A scanso di equivoci, premetto che ho stima e considerazione personale per Mario Monti, come accademico e come ex rettore della Bocconi. Se parlo di lui è per un motivo banale, si è trovato coinvolto, a sua insaputa, in uno dei miei tanto amati segnali deboli. Stavo vedendo due talk politici in prima serata, passando da Lilli Gruber a Barbara Palombelli e viceversa, quando mi capita Mario Monti. Conosco a memoria le parole, il linguaggio del corpo, la ritrosia di parlare di se come salvatore della Patria del professore. D’improvviso se ne esce con uno scoop: “Un giorno del 2011 mi chiama George Soros, suggerendomi di chiedere aiuto all’Europa, ma noi volevamo evitare la Troika e non seguimmo quel consiglio. Sì, Soros era molto preoccupato per l’Italia”. Sobbalzai sul divano, era un fatto credibile ma perché lo confessava ora, sapendo che nel frattempo per i quattro quinti dei cittadini Soros è diventato il diavolo? Un segnale debole dello tsunami che sta arrivando da Bruxelles, mi chiesi subito?

Per me Twitter è gioco e lavoro. Dei miei 4.000 follower la metà sono riconducibili al mondo delle élite colte, l’altra metà a persone normali come me, così come i 270 following che seguo sono divisi equamente fra globalisti e populisti (essendo io un apòta mi trovo bene con entrambi: il problema è che loro, spesso, non si trovano bene con me). Il divertissement mio personale è sputare tweet ironici, ma mai partecipare al dibattito che a volte si innesca. Ne avevo appena scritto uno: “Vorrei andare a dormire ma non trovarmi domattina, al risveglio, la Troika in casa e il frigo imbullonato”. Poi mi venne: “Perché Monti ha rivelato una telefonata di Soros che lo invitava a chiamare la Troika?

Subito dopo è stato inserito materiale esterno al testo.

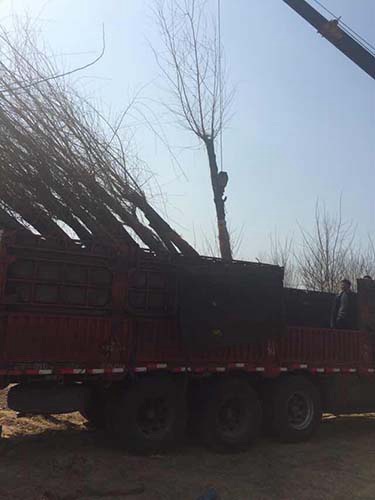 金丝垂柳装车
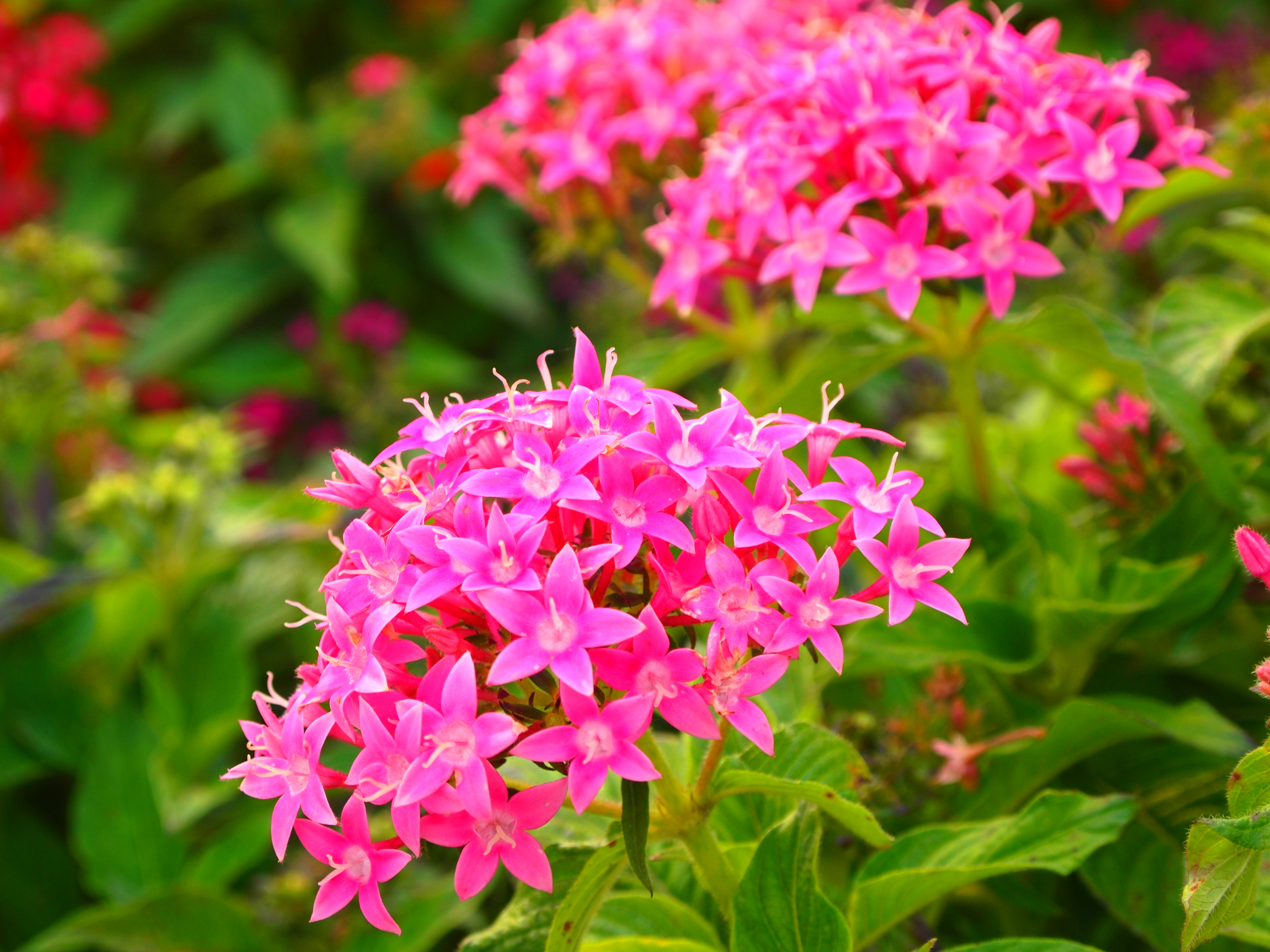 <b>ポップアート</b>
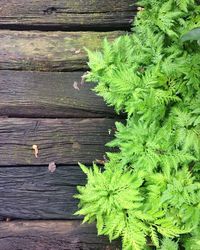 Close-up of plants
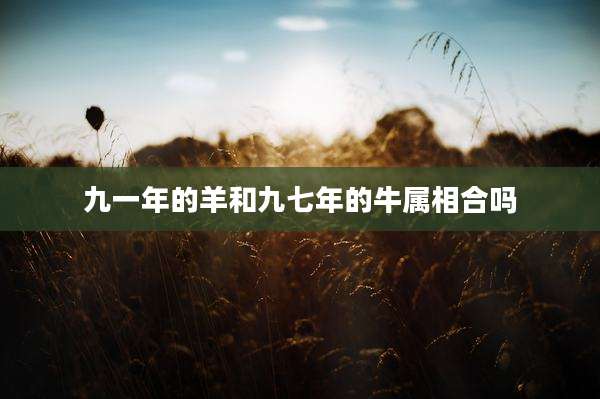 九一年的羊和九七年的牛属相合吗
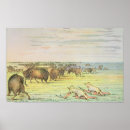 Search for the catlins posters Indian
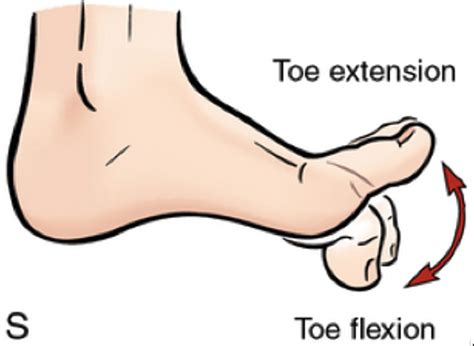 Evaluation Of Great Toe Extension Strength Using A Novel Portable Device: A Pilot Cross ...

Disegno? Vanità?”. Non l’avessi mai fatto. Da giorni sono tempestato da tweet e da mail che mostrano come l’operazione 2011 bruci ancora nell’immaginario collettivo dei cittadini.

Il mio lavoro, utile per i miei Camei, consiste invece nell’analizzare i tweet delle élite colte, le loro battaglie in rete, specie sulla “scienza economica”. È divertente osservarli (mai mi permetterei di inserirmi), amano parlarsi addosso specie delle loro competenze che considerano scienza. In realtà, solo per me sia chiaro, gli economisti sono come noi manager, bravi specialisti ma non scienziati. Entrambi nelle nostre attività ripetiamo sempre le stesse formulette; Albert Einstein ci bacchettò: “ripetere sempre le stesse cose e attendersi risultati diversi, è da dementi”.

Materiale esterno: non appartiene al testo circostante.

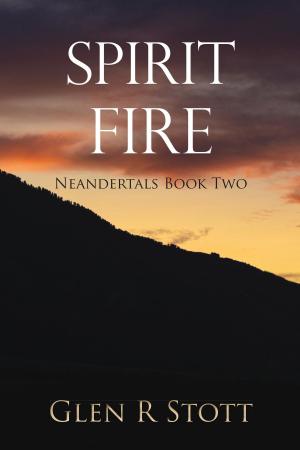 Cover of the book Spirit Fire by Melody J. Bremen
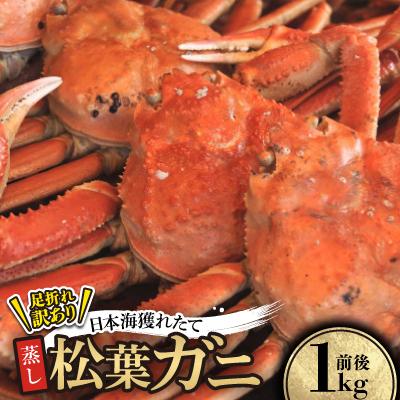 ふるさと納税 智頭町 【先行予約】訳あり足が折れた蒸し松葉ガニ1kg前後　※11月中旬から順次発送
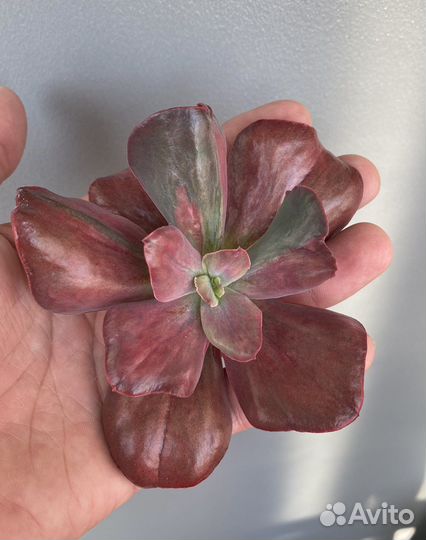 Эхеверии редкие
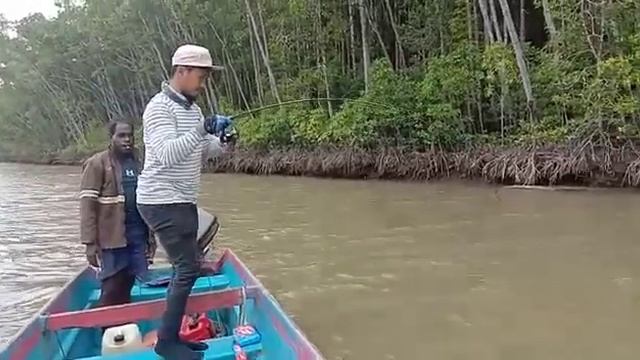 Casting Kakap Putih (Barramundi) Monster 10kg UP,Spot terlena Timika Papua... смотреть онлайн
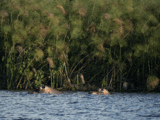 Hippos bobbing about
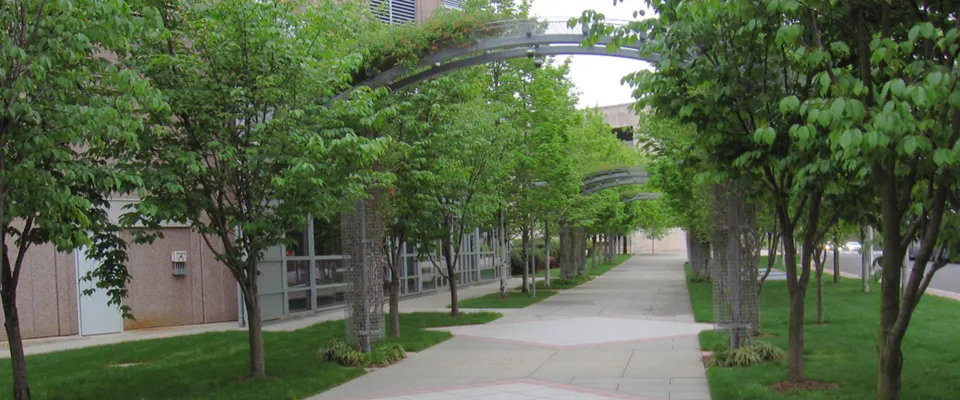 Corporate walkway under steel arches, lined with trees and lawn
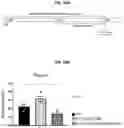 Fig. 47 - METHOD FOR TREATING A DEGENERATIVE NEUROLOGICAL DISORDERS COMPRISING ADMINISTERING ASM INHIBITOR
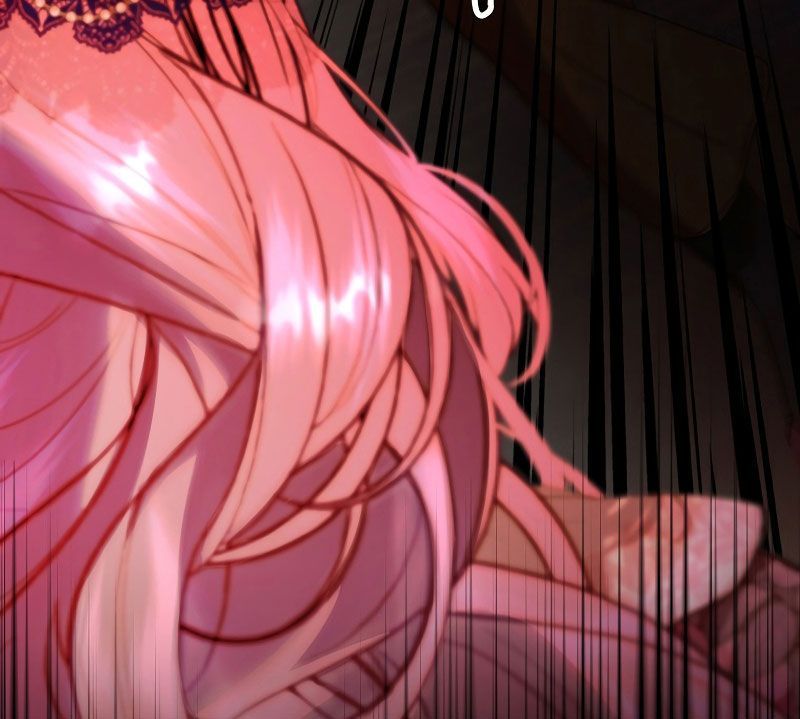 Các Nam Chính Bị Giam Giữ Trong Nhà Tôi Chapter 1 - Trang 2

L’odio verso i due buzzurri è tale che l’establishment italiano e quello europeo potrebbero tentare, nelle prossime settimane, un’operazione tipo 2011. In tal caso, l’ultima “finestra” sarebbe proprio questa della legge di bilancio, dopo di che comincerà la campagna elettorale per le elezioni europee di maggio. L’obiettivo è chiaro ma bisogna inventarsi e mettere a punto la solita, maledetta execution. Come? Chi la si può praticare? Hanno sottomano un “podestà straniero” credibile come premier? Sono in grado di affittare un “sicario” per far abortire il governo Conte? Hanno transfughi a sufficienza per una maggioranza?

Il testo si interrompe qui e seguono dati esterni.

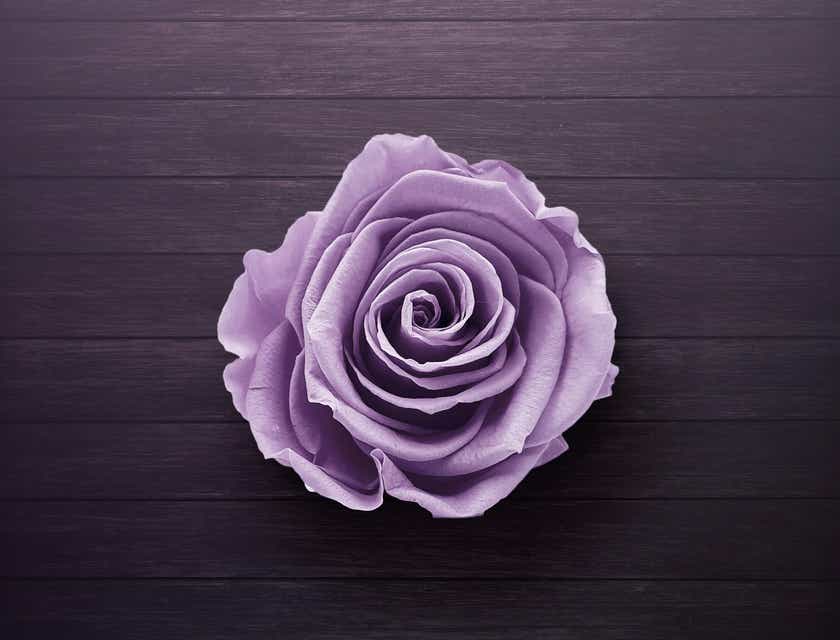 A purple rose on a purple table.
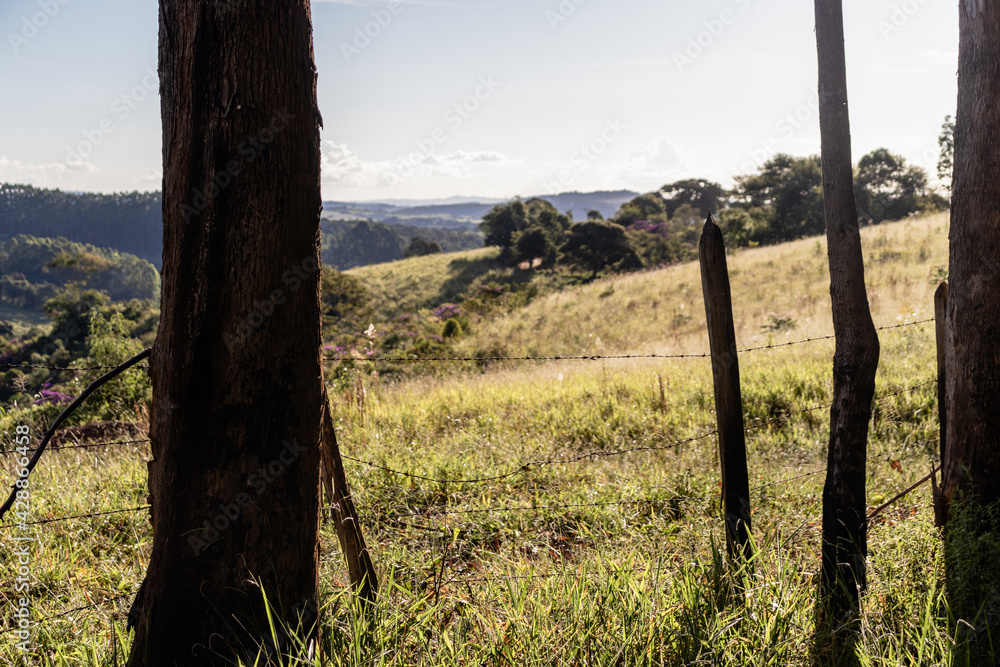 landscape with fence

Matteo Salvini e Luigi Di Maio non sono il bolso Silvio Berlusconi di allora, non hanno tv e giornali però hanno la rete, sono in grado di riempire le piazze al nord, al centro, al sud in un battibaleno, cosa che oggi nessun altro è in grado di fare. Di sciogliere il Parlamento non se ne parla neppure, per le élite sarebbe un suicidio elettorale, al contempo deputati e senatori di ogni schieramento non lo permetteranno mai. Siamo nel classico cul de sac.